■ Task instructions:
Keeping every word the same, give again only the lines from the one with "RHINESTONE I D" through the end of the data, both included, and leave every picture out.

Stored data
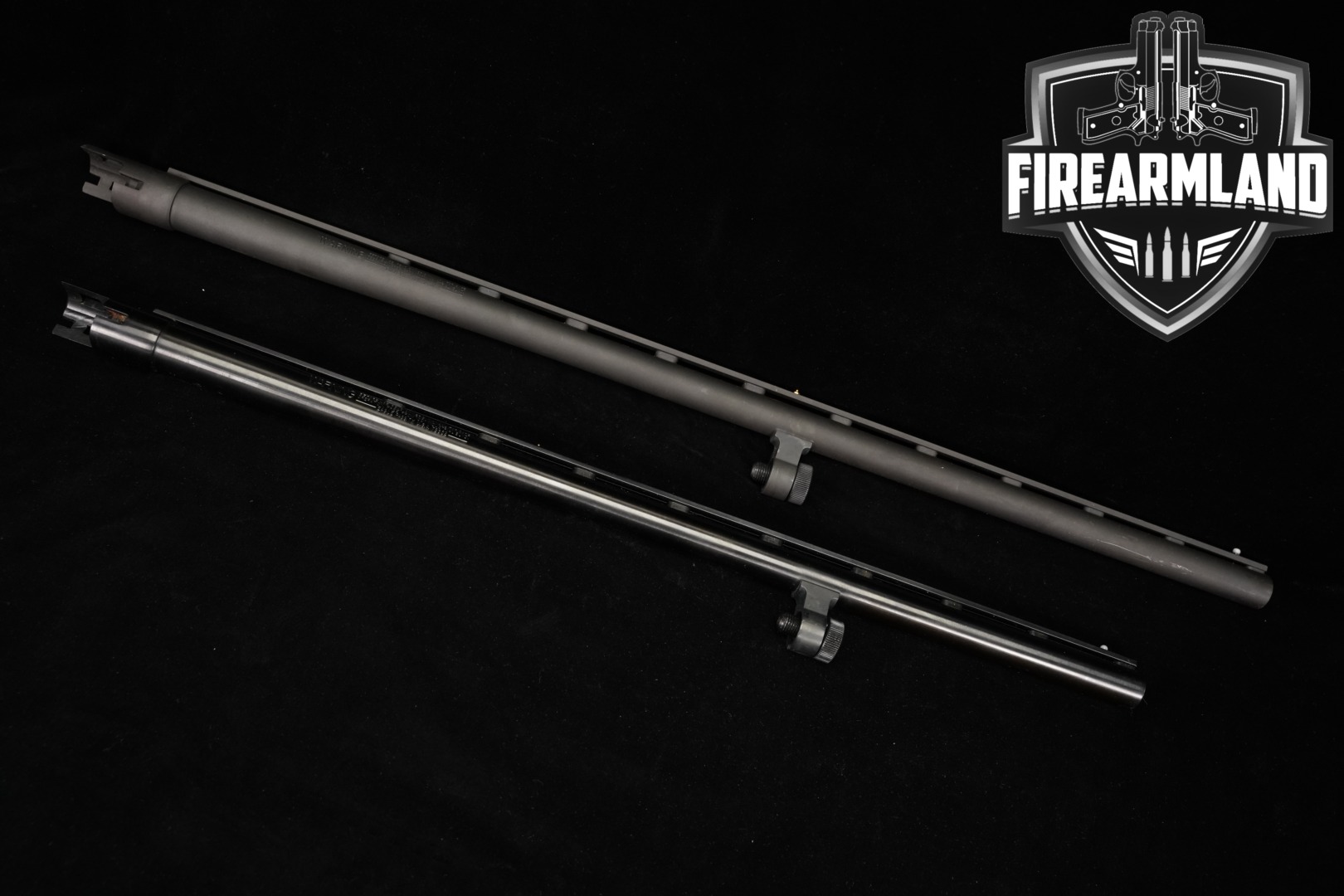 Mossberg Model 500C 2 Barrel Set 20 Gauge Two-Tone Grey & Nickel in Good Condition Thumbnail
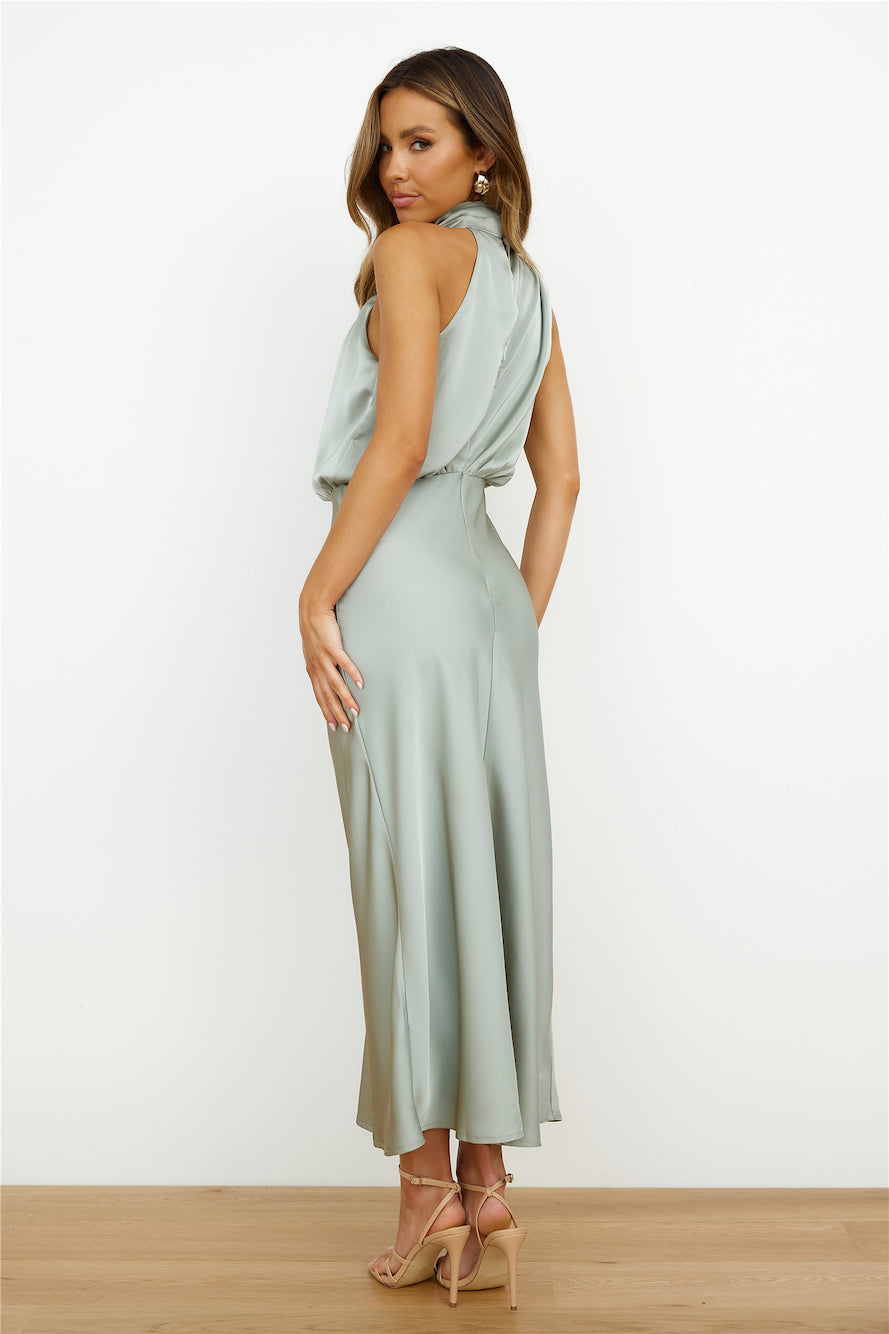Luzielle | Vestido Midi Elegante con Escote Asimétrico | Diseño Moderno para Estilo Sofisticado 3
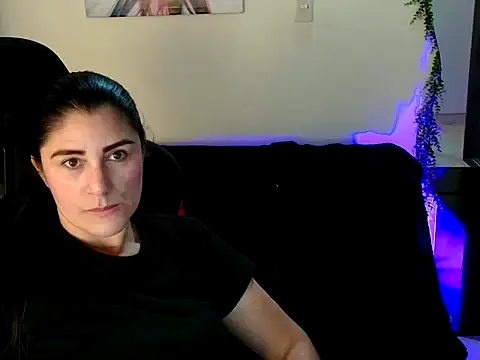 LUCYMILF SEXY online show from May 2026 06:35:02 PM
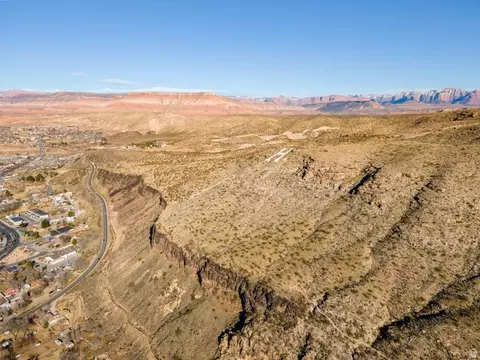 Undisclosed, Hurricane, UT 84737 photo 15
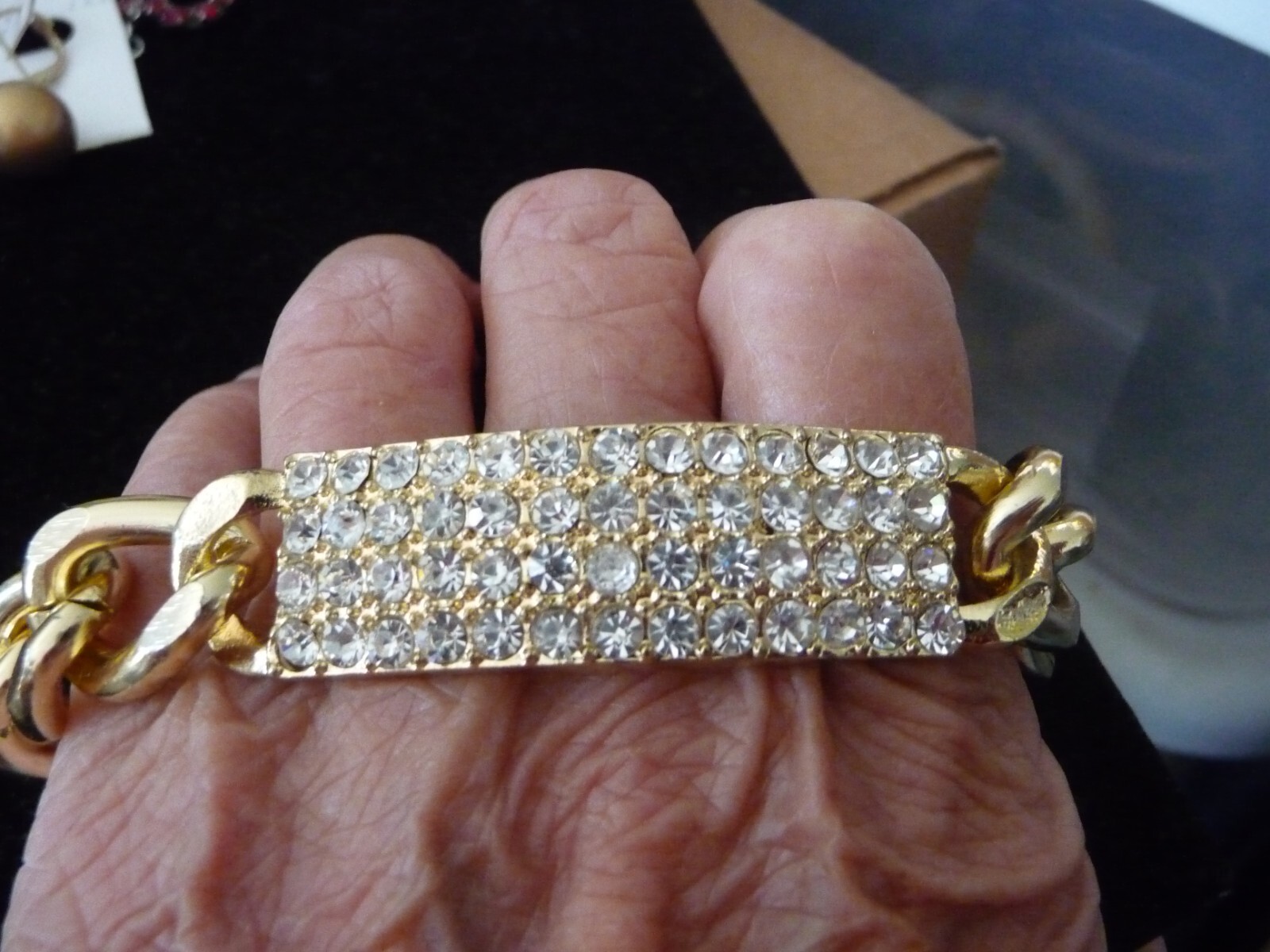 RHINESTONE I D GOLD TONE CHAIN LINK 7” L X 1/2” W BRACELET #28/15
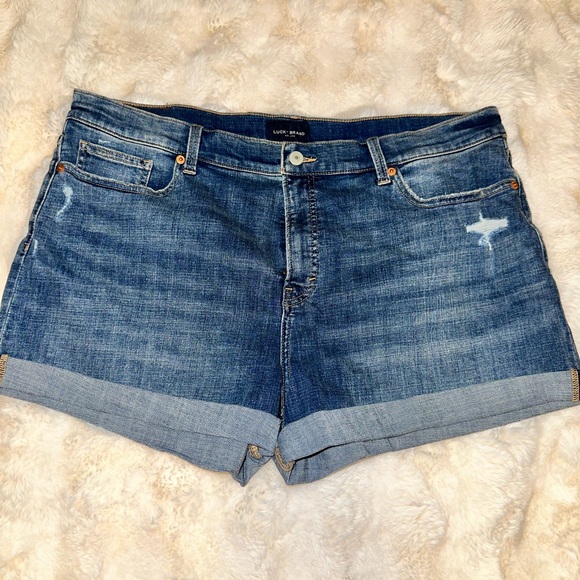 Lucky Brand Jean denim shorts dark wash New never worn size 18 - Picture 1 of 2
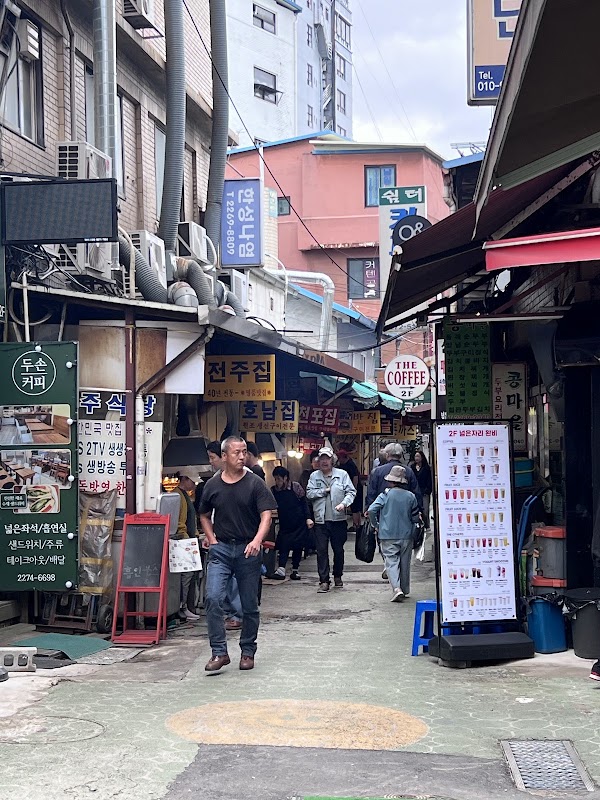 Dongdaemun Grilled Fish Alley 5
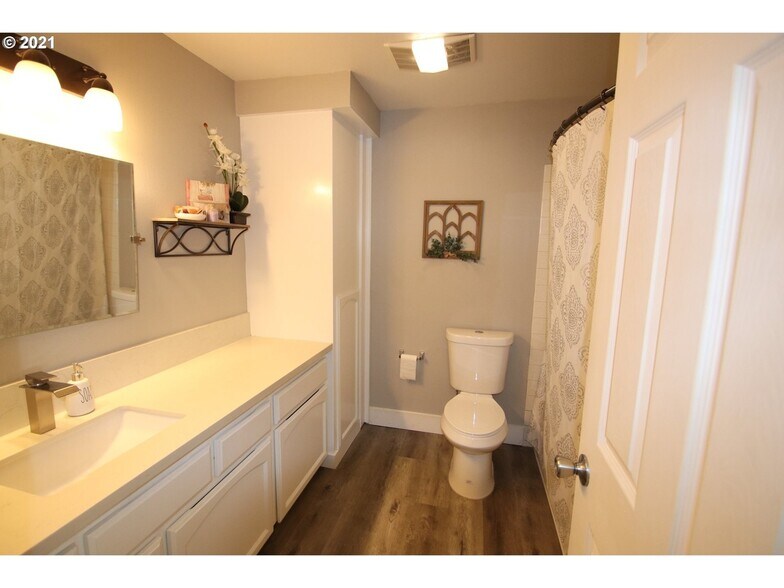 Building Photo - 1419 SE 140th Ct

■ Reply to the exercise:
 RHINESTONE I D GOLD TONE CHAIN LINK 7” L X 1/2” W BRACELET #28/15
 Lucky Brand Jean denim shorts dark wash New never worn size 18 - Picture 1 of 2
 Dongdaemun Grilled Fish Alley 5
 Building Photo - 1419 SE 140th Ct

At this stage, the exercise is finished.